The upper surface of the boundary of the region in which the diffusion process is defined.

Next, we discuss the expectation of the gamete frequencies. In the same manner as for the functions (4) and the linkage disequilibrium measure, we obtain the expectation of the gamete frequency X1:
\[E[X_{1}]{=}g_{1}{+}\frac{\mathrm{{\rho}}D}{2{+}\mathrm{{\rho}}}[e^{{-}(1{+}(\mathrm{{\rho}}/2))T}{-}1].\]
However, in contrast to the functions (4) and the linkage disequilibrium coefficient, the gamete frequencies do not vanish at the peripheral edges. The expectation takes over not only the inside of the region
\(\mathcal{D}\)
, but also the peripheral edges.
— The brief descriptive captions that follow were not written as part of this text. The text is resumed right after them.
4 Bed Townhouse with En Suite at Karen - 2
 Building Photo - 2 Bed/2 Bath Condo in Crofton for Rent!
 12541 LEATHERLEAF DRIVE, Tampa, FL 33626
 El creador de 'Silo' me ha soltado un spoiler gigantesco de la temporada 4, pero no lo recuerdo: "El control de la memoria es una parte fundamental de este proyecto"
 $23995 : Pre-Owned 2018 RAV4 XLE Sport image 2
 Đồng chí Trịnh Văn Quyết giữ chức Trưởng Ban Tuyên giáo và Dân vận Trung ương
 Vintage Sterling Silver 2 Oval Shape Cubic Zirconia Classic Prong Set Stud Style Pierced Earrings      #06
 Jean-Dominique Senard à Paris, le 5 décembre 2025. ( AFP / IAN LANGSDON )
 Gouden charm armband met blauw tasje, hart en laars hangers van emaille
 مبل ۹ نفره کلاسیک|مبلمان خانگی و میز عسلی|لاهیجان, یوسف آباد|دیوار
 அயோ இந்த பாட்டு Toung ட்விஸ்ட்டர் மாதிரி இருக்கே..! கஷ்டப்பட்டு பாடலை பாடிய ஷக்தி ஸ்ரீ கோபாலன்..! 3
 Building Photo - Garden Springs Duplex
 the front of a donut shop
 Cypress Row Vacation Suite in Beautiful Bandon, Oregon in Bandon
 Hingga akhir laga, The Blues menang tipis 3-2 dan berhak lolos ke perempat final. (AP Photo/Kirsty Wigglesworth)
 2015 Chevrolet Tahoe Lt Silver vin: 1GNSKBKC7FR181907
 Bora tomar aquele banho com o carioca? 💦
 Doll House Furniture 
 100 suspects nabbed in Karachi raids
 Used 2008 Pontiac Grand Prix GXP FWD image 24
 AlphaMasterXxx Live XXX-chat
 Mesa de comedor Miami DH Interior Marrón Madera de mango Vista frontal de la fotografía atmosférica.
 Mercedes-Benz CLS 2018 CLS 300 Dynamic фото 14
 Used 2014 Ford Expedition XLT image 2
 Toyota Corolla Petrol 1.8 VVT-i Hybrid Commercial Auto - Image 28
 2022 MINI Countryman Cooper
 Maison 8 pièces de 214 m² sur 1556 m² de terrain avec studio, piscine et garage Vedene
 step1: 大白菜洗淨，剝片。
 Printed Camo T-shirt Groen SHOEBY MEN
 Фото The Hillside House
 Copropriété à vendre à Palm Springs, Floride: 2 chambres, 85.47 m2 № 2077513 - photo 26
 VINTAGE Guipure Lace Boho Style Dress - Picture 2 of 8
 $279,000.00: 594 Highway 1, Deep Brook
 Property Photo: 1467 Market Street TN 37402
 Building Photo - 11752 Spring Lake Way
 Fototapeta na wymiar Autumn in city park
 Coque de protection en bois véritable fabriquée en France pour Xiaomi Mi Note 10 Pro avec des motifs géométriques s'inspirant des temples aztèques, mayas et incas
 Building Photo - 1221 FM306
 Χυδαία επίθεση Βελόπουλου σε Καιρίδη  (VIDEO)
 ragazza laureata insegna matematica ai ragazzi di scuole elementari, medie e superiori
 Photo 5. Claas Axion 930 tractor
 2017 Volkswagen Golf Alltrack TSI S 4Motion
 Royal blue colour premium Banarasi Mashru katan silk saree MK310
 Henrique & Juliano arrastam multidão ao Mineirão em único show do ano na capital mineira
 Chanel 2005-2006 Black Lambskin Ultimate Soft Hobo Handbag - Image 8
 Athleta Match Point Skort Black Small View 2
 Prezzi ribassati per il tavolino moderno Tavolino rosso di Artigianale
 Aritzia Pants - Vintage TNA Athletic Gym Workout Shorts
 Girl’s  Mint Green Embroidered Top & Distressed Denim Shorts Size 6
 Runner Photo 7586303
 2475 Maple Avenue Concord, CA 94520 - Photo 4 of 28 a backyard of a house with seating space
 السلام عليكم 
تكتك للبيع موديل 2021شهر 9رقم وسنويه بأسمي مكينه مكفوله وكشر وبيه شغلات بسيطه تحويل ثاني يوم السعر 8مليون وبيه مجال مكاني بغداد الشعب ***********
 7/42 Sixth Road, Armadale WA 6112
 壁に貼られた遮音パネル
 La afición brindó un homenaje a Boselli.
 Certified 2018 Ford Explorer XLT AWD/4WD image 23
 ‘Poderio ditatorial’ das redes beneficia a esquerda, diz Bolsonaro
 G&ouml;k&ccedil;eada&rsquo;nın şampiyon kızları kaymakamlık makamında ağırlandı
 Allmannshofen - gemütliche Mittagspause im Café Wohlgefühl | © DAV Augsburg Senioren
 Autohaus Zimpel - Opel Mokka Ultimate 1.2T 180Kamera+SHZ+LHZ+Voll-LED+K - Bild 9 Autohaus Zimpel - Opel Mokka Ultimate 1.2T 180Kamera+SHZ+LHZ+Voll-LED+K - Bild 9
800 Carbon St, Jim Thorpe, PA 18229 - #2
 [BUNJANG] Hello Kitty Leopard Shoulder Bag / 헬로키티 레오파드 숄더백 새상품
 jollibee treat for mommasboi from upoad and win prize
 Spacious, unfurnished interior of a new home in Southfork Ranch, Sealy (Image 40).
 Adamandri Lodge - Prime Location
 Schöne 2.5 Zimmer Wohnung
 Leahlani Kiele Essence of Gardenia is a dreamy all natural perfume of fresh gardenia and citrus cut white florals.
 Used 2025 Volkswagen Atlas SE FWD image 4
As obtained by Ohta (1968),
\(\mathrm{lim}_{T{\rightarrow}{\infty}}E[X_{1}]\)
gives the fixation probability of the gamete A1B1. Thus, the expectation of the gamete frequency X1 can be rewritten as
\begin{eqnarray*}&&E[X_{1}]{=}{{\int}}{{\int}}{{\int}_{\mathcal{D}}}x_{1}\mathrm{{\phi}}dxdydz{+}{{\int}_{0}^{1}}x_{1}\mathrm{{\phi}}_{x{=}1}dy{+}{{\int}_{0}^{1}}x_{1}\mathrm{{\phi}}_{y{=}1}dx\\&&{+}f(1,{\,}0,{\,}0;{\,}T),\end{eqnarray*}
(5)
where ϕx=1 and ϕy=1 represent the probability density for the open intervals x = 1, y ∈ (0, 1), z = 0 and x ∈ (0, 1), y = 1, z = 0, respectively, and f(1, 0, 0; T) represents the transient fixation probability of the gamete A1B1 at time T. With respect to the one-locus problem, as discussed above, we are interested in the conditional expectation of the gamete frequencies given that polymorphism is retained.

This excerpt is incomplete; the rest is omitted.